Despite the U.S. Preventive Services Task Force 2016 statement supporting primary
care major depressive disorder screening, there is limited data examining whether
positive screens prompt treatment engagement. This study evaluated treatment engagement
following a positive Patient Health Questionnaire-Adolescent Version screen and assessed
the impact of demographics, clinical variables, and provider recommendations on treatment
This was a retrospective cohort study (analysis November 2021) of adolescents aged
11–18 years seen at a primary care clinic of an academic medical center from July
2017 to December 2018 and identified with a positive Patient Health Questionnaire-Adolescent
Version (broadest definition score ≥10; ≥1 for Item 9 regarding suicidal thoughts;
yes for unscored Items 1, 3, or 4; or very or extremely difficult for unscored Item 2). Positive screen by score ≥10 alone was also considered.

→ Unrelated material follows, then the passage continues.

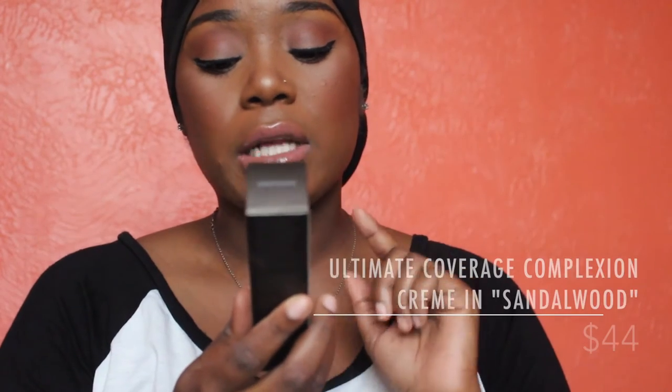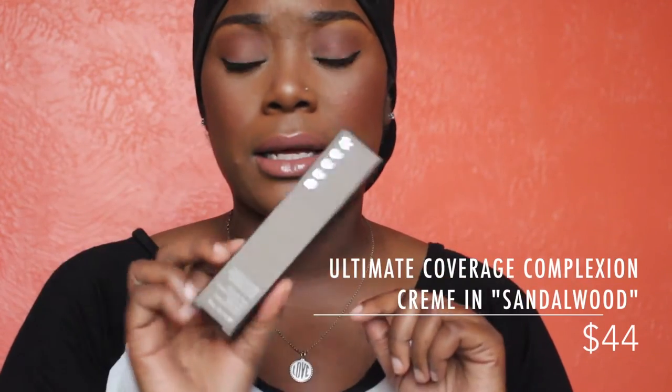The next item I picked up was also from Becca. I hear NeutraBee talk about this all the time — it is the Ultimate Coverage Complexion Cream, and I got the shade Sandalwood. She has oily skin like me; I say it all the time, oily grease monster. This is the foundation — same kind of gunmetal packaging. It has a pump, which is really nice because foundations without pumps get really messy. It has a mousse texture and it's completely full coverage, so this is like beat-face glam.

The primary outcome was treatment engagement, defined as initiation of a psychotropic medication, or a behavioral health treatment
session within 1 year of symptom identification.

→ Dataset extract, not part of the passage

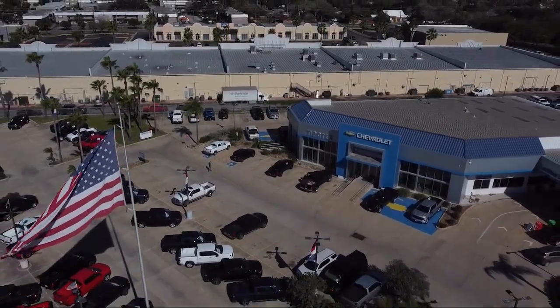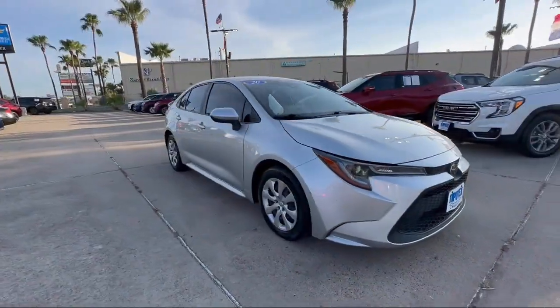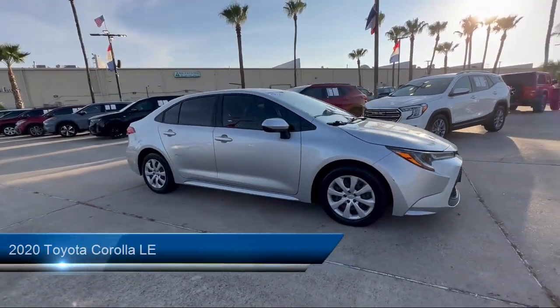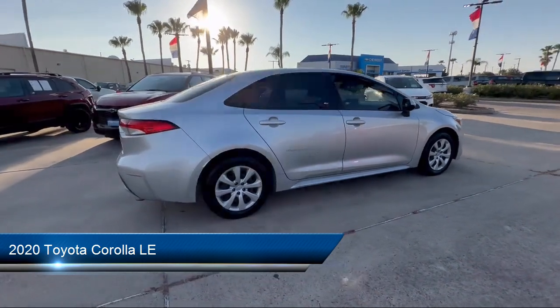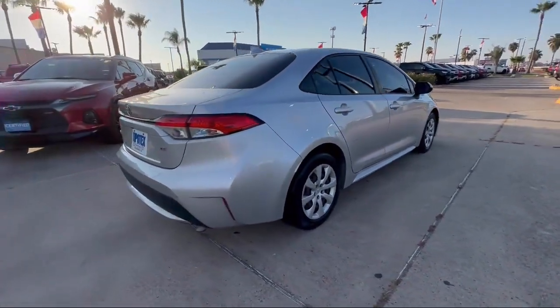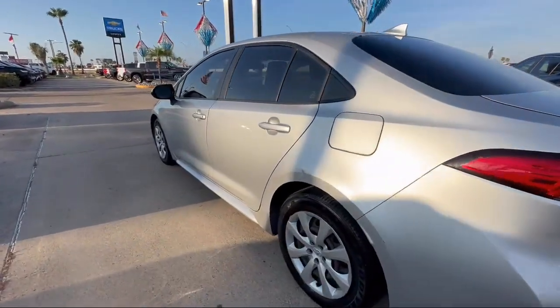Welcome to Tipotec Chevrolet, and here's a look at one of our great vehicles for sale. It comes equipped with lane deviation sensors, steering wheel mounted phone controls, rear view camera system, and automatic emergency braking with front pedestrian detection.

Of the 1,315 eligible adolescents, 23.0% had a positive Patient Health Questionnaire-Adolescent
Version (n=302) by the broadest criteria; 92/302 (30.5%) engaged in treatment. Patients whose
providers recommended treatment had 7.32 times the odds (95% CI=3.76, 14.2, p<0.001) of treatment engagement. For those positive by Patient Health Questionnaire-Adolescent
Version ≥10 (85/302, 28.1%), 37/85 (43.5%) engaged in treatment. The influence of
provider recommendations was comparable (OR=6.96, 95% CI=3.56, 13.6, p<0.001).
Less than half of adolescents with a positive Patient Health Questionnaire-Adolescent
Version at an academic primary care clinic engaged with treatment. Provider recommendation
was an impactful intervention to improve mental healthcare treatment engagement.